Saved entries
:::

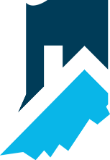 Chapel Pines Window Company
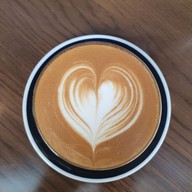 เมนูของร้าน Tiengna Viennoiserie พร้อมพงษ์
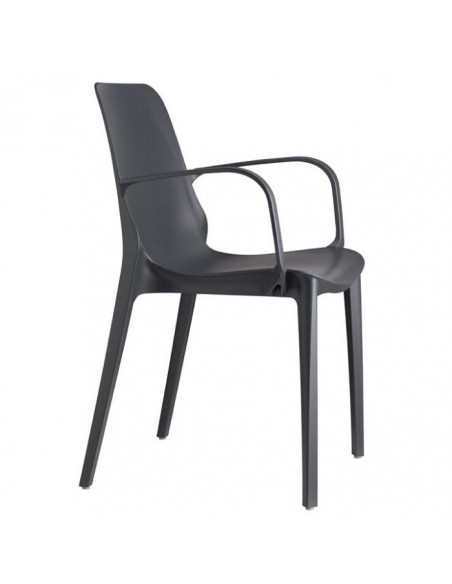 Πολυθρόνα GINEVRA Avant Garde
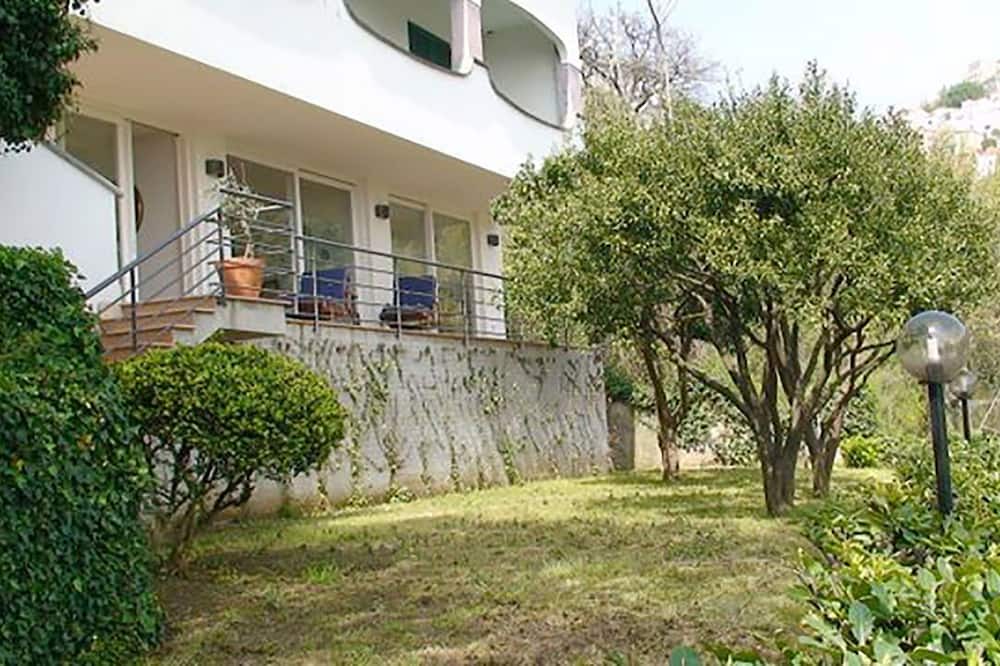 Photo of Outdoor in Raito
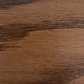 Homestead stain on Oak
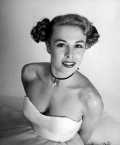 Marge Champion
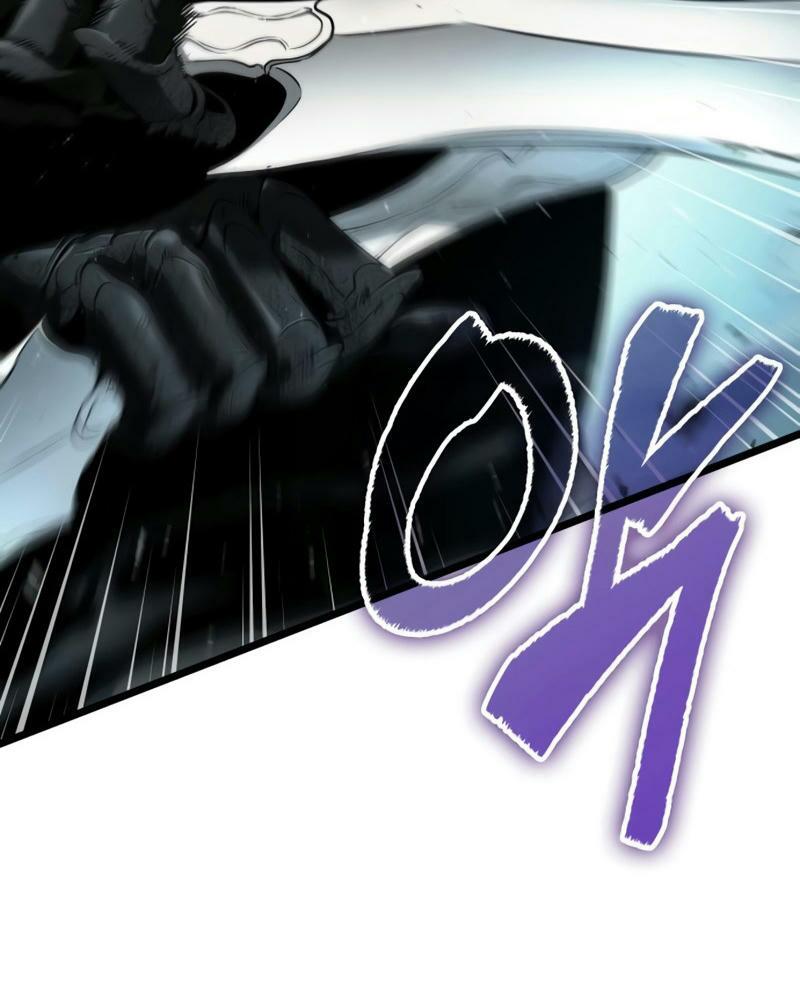 thế giới hậu tận thế chapter 2 15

:::

PROBLEM DETAILS: The goal is an exact reprint of the entries, leaving out the pictures.

WRITTEN SOLUTION:
 Chapel Pines Window Company
 เมนูของร้าน Tiengna Viennoiserie พร้อมพงษ์
 Πολυθρόνα GINEVRA Avant Garde
 Photo of Outdoor in Raito
 Homestead stain on Oak
 Marge Champion
 thế giới hậu tận thế chapter 2 15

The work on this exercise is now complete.